0

I've an environment like this:

  • master
  • some satellites assigned to master
  • many agents assigned to satellites and some assigned to master (without a satellite).

All systems are ready and the PKI setup is complete. Also most default checks (apt, disk, cpu) are running and I can see the current state on the master. Now I've started to implement custom checks (like check_eth to monitor the network traffic). I've published the script to all hosts and defined also on all hosts the command:

object CheckCommand "check_eth" {
  import "plugin-check-command"
  command = [ "/usr/bin/sudo", PluginDir + "/check_eth" ]
 
  arguments       = {
   "-w" = {
      value                     = "$eth_warning$"
      description               = "Percent free/used when to warn"
      required                  = true
    }
    "-c" = {
      value                     = "$eth_critical$"
      description               = "Percent free/used when critical"
      required                  = true
    }
    "-i" = {
      value                     = "$eth_interface$"
      description               = "Given network interface"
      required                  = true
    }
  }

  vars.eth_interface  = "enp0s31f6"
  vars.eth_warning  = "2048G"
  vars.eth_critical = "4096G"
}

I can run the script on all hosts. On Master, the satellites and all hosts that directly assigned to master the response of the check is visible. On all hosts with parent=satellite the state is UNKNOWN. And that is my problem... why?

The host object is like:

# master: /etc/icinga2/zones.conf

object Endpoint "monitor.domain" {
}

object Zone "master" {
  endpoints = [ "monitor.domain" ]
}

object Endpoint "satellite1.domain" {
    host = "<ip>"
    port = "<port>"
}

object Zone "satellite1.domain" {
    parent = "master"
    endpoints = [ "satellite1.domain" ]
}

The satellite configuration looks like this:

# master: /etc/icinga2/zones.d/satellite1.domain/hosts.conf

object Host "satellite1.domain" {
    import "generic-host"
    check_command = "hostalive"
    zone = "master"

    address = "<ipv4>"
    address6 = "<ipv6>"
    
    vars.agent_endpoint = name
    ...
}

object Host "agent1.domain" {
    import "generic-host"
    check_command = "hostalive"
    zone = "satellite1.domain"

    address = "<ipv4>"
    address6 = "<ipv6>"
    
    vars.agent_endpoint = name
    ...
}
...

The zone incl. endpoint inside satellite is also defined on master:

# master: /etc/icinga2/zones.d/satellite1.domain/zones.conf
object Zone "agent1.domain" {
    parent = "satellite1.domain"
    endpoints = [ "agent1.domain" ]
}

object Endpoint "agent1.domain" {
    host = "<ip>"
    port = "<port>"
}

And now the Apply of the Command to the host (also defined on master)

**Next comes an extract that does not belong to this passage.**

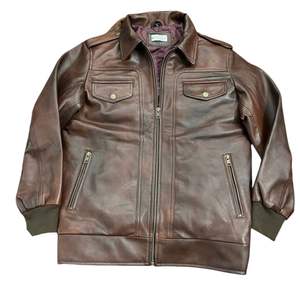 Veste de motard en cuir marron pour homme C'est une veste bomber en cuir marron - Product Image 1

# master: /etc/icinga2/zones.d/satellite1.domain/services.conf

apply Service "Network Traffic" {
  import "generic-service"

  check_command = "check_eth"
  command_endpoint = host_name

  assign where host.name == "satellite1.domain"
}

apply Service "Network Traffic" {
  import "generic-service"

  check_command = "check_eth"
  command_endpoint = host_name

  assign where host.name == "agent1.domain"
}

What do I miss?

TRW
  • 438
  • 3
  • 14

1 Answers1

0

Ah, now I found the problem. The check command definition contains a default value for eth_interface which exists on the satellites and on master. But the VMs have another interface. If I remove the checkcommand default vars and assign per Host object that var, everything is fine.

TRW
  • 438
  • 3
  • 14